On Sat, 23 Nov 2002 00:06:17 +0000, Jamie Lokier wrote:

>David Schwartz wrote:

>>So this would be a case where 'poll' or 'select' would return
>>a write hit for a socket but 'write' would return -1 and set errno
>>to EAGAIN.

>Is this really true? It would livelock several servers I've worked on...
>
>-- Jamie

        We're now getting close to my motivation for asking this question.

        If it does in fact return EAGAIN, then a poll/select loop program that is
trying to write could get into trouble if another process was responsible for
large receive queues. It would spin uselessly burning its timeslice as more
data comes in and it delays the execution of the other process that might be
able to drain receive queues.

        On the other hand, if send blocked, there would be a disaster if a
select/poll loop process were the only TCP user on the box.
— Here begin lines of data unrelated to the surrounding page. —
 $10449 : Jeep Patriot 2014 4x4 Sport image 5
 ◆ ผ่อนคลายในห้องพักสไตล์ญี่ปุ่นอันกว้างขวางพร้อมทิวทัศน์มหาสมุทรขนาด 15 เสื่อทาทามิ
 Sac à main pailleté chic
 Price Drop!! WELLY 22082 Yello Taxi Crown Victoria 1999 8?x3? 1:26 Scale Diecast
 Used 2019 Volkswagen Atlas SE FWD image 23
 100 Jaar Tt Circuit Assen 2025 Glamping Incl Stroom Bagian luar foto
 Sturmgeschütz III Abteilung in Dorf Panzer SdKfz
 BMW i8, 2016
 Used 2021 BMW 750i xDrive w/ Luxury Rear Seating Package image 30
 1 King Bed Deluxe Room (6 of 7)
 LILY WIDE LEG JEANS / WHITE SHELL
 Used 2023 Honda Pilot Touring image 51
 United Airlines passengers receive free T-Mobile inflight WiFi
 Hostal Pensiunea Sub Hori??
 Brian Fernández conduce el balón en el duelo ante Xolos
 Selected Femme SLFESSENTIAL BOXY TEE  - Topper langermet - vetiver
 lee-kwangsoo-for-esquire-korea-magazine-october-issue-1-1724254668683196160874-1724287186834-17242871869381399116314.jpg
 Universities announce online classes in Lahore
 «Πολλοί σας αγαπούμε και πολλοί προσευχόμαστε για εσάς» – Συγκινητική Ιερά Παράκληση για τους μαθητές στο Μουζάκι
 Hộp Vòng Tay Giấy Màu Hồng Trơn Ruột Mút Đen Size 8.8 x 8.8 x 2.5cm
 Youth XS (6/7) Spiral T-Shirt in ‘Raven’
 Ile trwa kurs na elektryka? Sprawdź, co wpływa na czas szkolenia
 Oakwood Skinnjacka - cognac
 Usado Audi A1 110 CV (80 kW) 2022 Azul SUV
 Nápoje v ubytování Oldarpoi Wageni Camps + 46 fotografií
In this case, it
would deadlock. The process is blocked waiting for memory but the only way to
get that memory is for the process to get around to reading from other
connections, which it can't do because it's blocked.

        My motivation in assessing what happens is to develop a sane application
strategy to detect and handle this condition. If we could detect it, we could
try not to do TCP writes and try to do reads to relieve the memory problem.

        Some strategies I was considering were this:

        1) For applications that probably aren't using most of the TCP memory: In
the select/poll loop, we keep track of whether we were able to do any work.
If we never successfully wrote or read, but did get a hit on at least one
socket, we sleep for a few milliseconds. (We hope that while we sleep other
applications can free up more memory for us by draining their receive
queues.)

        2) For applications that probably are using all or a significant fraction of
the TCP memory: If a 'write' for a socket that we got a write hit on returns
EAGAIN, for the rest of this poll/select cycle, we do not attempt any writes,
only reads. (We hope that this will relieve the memory pressure scenario and
allow the system to function normally as quickly as possible.)

        3) For applications that have control over how much load they take: If
writes begin returning EAGAIN under suspicious circumstances, treat this as
an overload condition and trigger your handling logic. Refuse expensive
commands or refuse to handle new connections.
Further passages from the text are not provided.